## Work instruction
Word for word, restate the lines of the data below between those holding "Shy Panda Creative Wall-Hanging Clock" and "Portrait de femme", inclusive; pictures do not belong in the copy.

## Record set
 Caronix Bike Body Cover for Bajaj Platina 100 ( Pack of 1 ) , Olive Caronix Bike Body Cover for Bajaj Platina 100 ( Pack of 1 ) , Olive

--

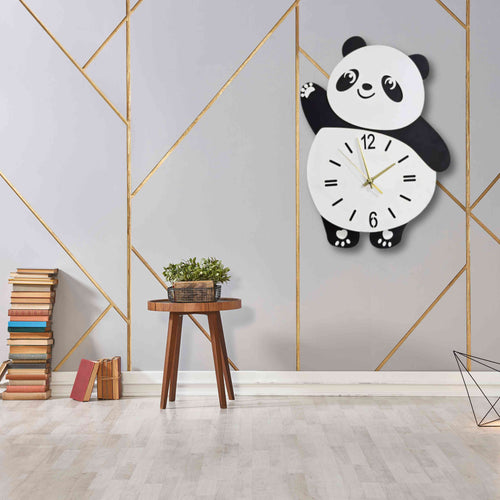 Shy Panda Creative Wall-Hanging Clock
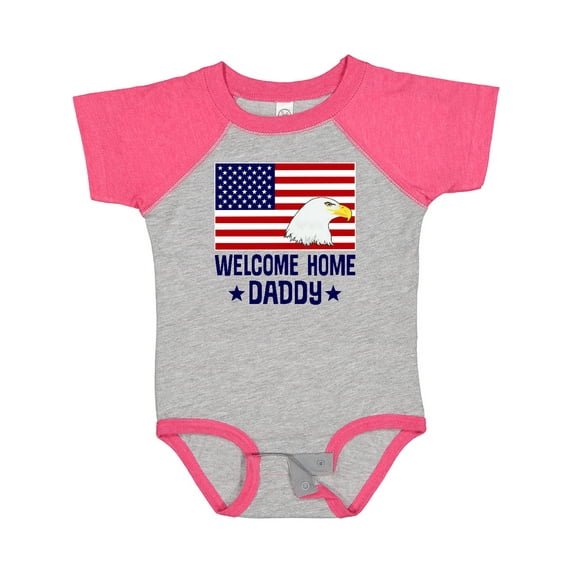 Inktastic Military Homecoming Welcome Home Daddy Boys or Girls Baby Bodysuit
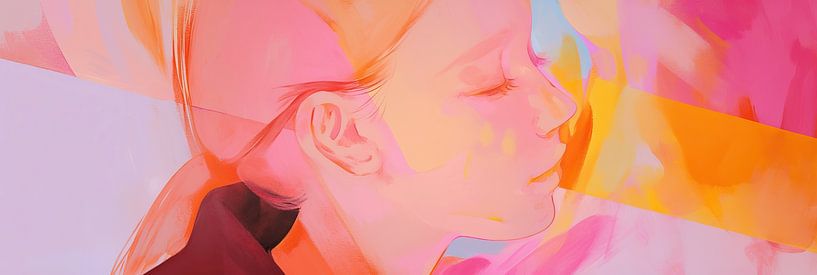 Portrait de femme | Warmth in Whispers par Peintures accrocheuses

==

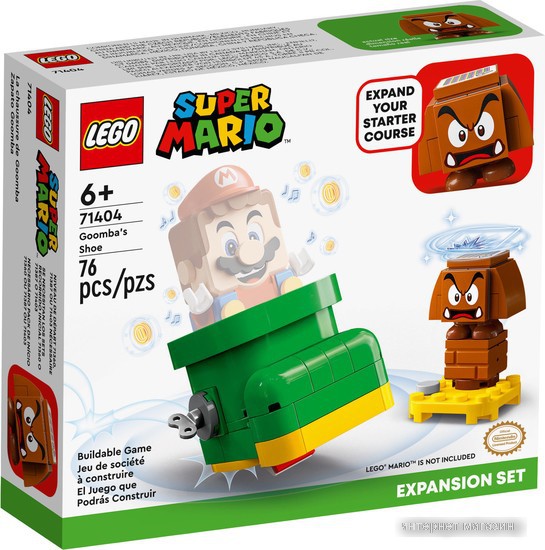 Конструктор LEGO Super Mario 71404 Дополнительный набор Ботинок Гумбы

## Task output
 Shy Panda Creative Wall-Hanging Clock
 Inktastic Military Homecoming Welcome Home Daddy Boys or Girls Baby Bodysuit
 Portrait de femme | Warmth in Whispers par Peintures accrocheuses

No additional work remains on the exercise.